Second, understand the abstraction level. Truto's Unified APIs are excellent for programmatic data normalization across broad categories (like syncing users across 10 different HRIS platforms). However, when solving problems agentically with PagerDuty, Proxy APIs are the superior choice. The LLM acts as the normalization engine. By providing the raw Proxy API tools, the LLM can interpret PagerDuty's unique nested objects and business logic directly, preserving the full fidelity of the underlying platform.

Finally, implement strict human-in-the-loop workflows for destructive actions. While fetching logs and listing users is safe, deleting an escalation policy or mass-resolving incidents should require an approval checkpoint. Use frameworks like LangGraph to interrupt the state graph before executing a `delete` or `update` tool, ping an administrator via Slack or email, and resume execution only upon confirmation.

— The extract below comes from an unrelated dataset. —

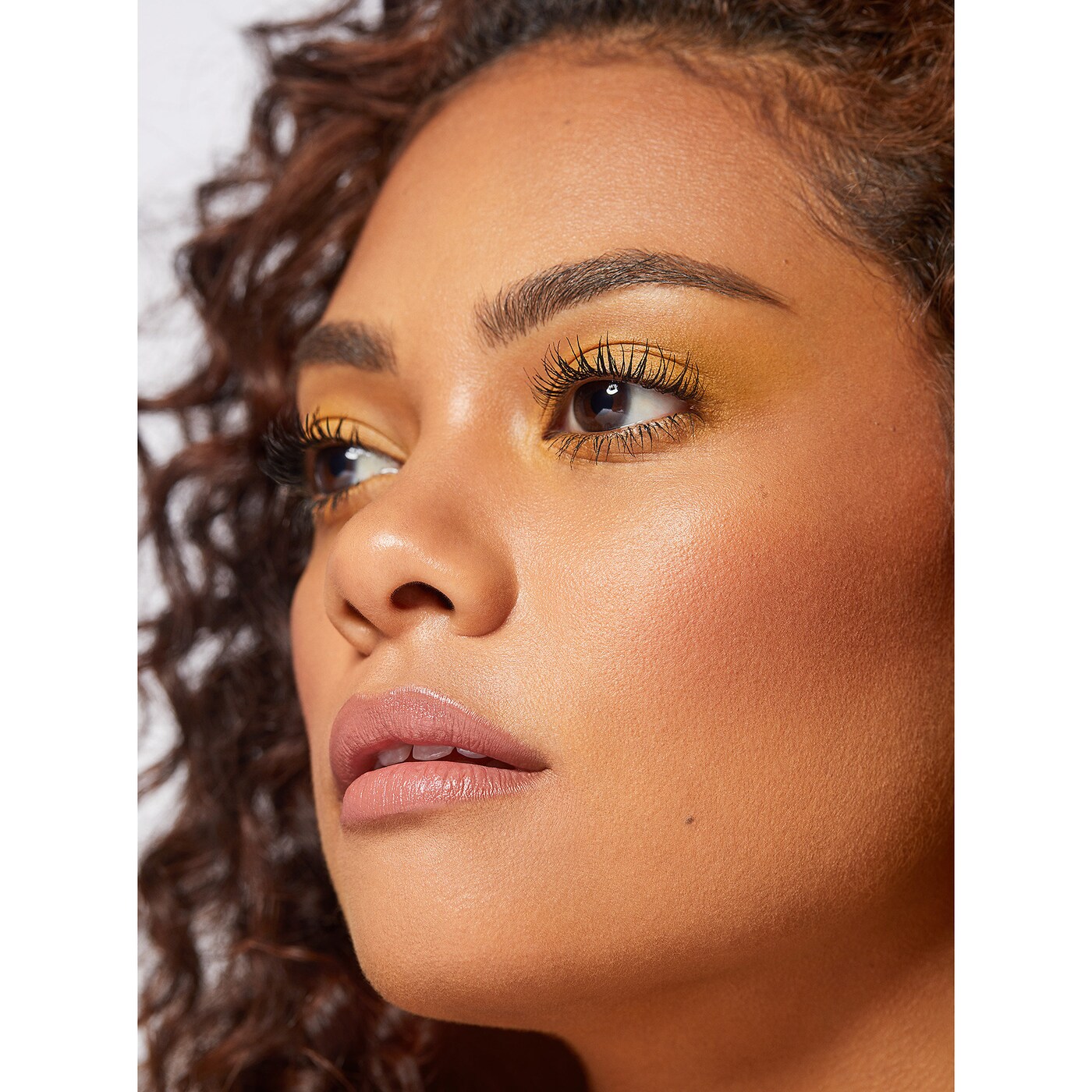 URBAN DECAY Subversion Lash Primer купить в Beauty Storage. Быстрая доставка по России и СНГ.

> Stop spending engineering cycles building and maintaining custom integration infrastructure for your AI agents. Let Truto handle the authentication, pagination, and tool generation layers so your team can focus on agentic business logic.
>
> [Talk to us](https://cal.com/truto/partner-with-truto)

## Orchestrating Reliability

The industry is moving beyond read-only chatbots. Enterprise customers expect AI features that can autonomously execute complex operations across their SaaS stack. PagerDuty is the nervous system of IT operations, making it a critical integration target for agentic workflows.

By leveraging Truto's tool-calling endpoint, you bypass the massive technical debt of building custom API connectors. You equip your LLM with dynamically updated, schema-accurate tools that respect the underlying engineering realities of the PagerDuty platform. Combine this with rigorous error handling and execution frameworks, and you transform a basic LLM script into a robust, production-grade automated incident commander.